I'm trying to extract sources from <iframes>
attributes like these:
iframes = [<iframe frameborder="no" height="160px" scrolling="no" src="https://w.soundcloud.com/player/?url=https%3A//api.soundcloud.com/tracks/308197184%3Fsecret_token%3Ds-VtArH&auto_play=false&hide_related=false&show_comments=true&show_user=true&show_reposts=false&visual=true" width="100%"></iframe>, <iframe allowtransparency="true" frameborder="0" scrolling="no" src="//www.facebook.com/plugins/likebox.php?href=https%3A%2F%2Fwww.facebook.com%2FPauseMusicale&width=300&height=62&show_faces=false&colorscheme=light&stream=false&show_border=false&header=false" style="border:none; overflow:hidden; width:300px; height:62px;"></iframe>, <iframe allowfullscreen="" frameborder="0" height="169" src="//www.youtube.com/embed/videoseries?list=PLNKCTdT9YSESoQnj5tPP4P9kaIwBCx7F1" width="100%"></iframe>]
but when I try to extract it:
for iframe in iframes:
url = urllib2.urlopen(iframe.attrs['src'])
print (url)
I get the following error:
url = urllib2.urlopen(iframe.attrs['src'])
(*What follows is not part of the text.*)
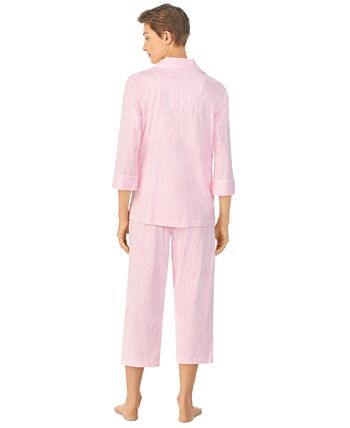 3/4 Sleeve Classic Notch Collar Capri Pajama Set Lauren Ralph Lauren 3/4 Sleeve Classic Notch Collar Capri Pajama Set -B.TEMPT’D Shop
File "/System/Library/Frameworks/Python.framework/Versions/2.7/lib/python2.7/urllib2.py", line 154, in urlopen
return opener.open(url, data, timeout)
File "/System/Library/Frameworks/Python.framework/Versions/2.7/lib/python2.7/urllib2.py", line 423, in open
protocol = req.get_type()
File "/System/Library/Frameworks/Python.framework/Versions/2.7/lib/python2.7/urllib2.py", line 285, in get_type
raise ValueError, "unknown url type: %s" % self.__original
ValueError: unknown url type: //www.facebook.com/plugins/likebox.php?href=https%3A%2F%2Fwww.facebook.com%2FPauseMusicale&width=300&height=62&show_faces=false&colorscheme=light&stream=false&show_border=false&header=false
why am I getting url with no http
before the //www
?
Is there some workaround this?
why am I getting url with no http before the //www
This is a common way to indicate to the user agent that it should use the same scheme (http, https, ftp, file, etc.) as the current page when making a subsequent request. So, for example, if you loaded the current page over https, then those URLs that omit the scheme would be accessed with https.
Is there some workaround this?
You can use the urlparse
module to handle this in Python 2 (since that's your version of Python):
# from urllib.parse import urlparse, urlunparse # Python 3
from urlparse import urlparse, urlunparse
for iframe in iframes:
scheme, netloc, path, params, query, fragment = urlparse(iframe.attrs['src'])
if not scheme:
scheme = 'http' # default scheme you used when getting the current page
url = urlunparse((scheme, netloc, path, params, query, fragment))
print('Fetching {}'.format(url))
f = urllib2.urlopen(url)
# print(f.read()) # dumps the response content
If you run the above code you should see this output:
Fetching https://w.soundcloud.com/player/?url=https%3A//api.soundcloud.com/tracks/308197184%3Fsecret_token%3Ds-VtArH&auto_play=false&hide_related=false&show_comments=true&show_user=true&show_reposts=false&visual=true Fetching http://www.facebook.com/plugins/likebox.php?href=https%3A%2F%2Fwww.facebook.com%2FPauseMusicale&width=300&height=62&show_faces=false&colorscheme=light&stream=false&show_border=false&header=false Fetching http://www.youtube.com/embed/videoseries?list=PLNKCTdT9YSESoQnj5tPP4P9kaIwBCx7F1
which shows that the default scheme has been applied to the URL.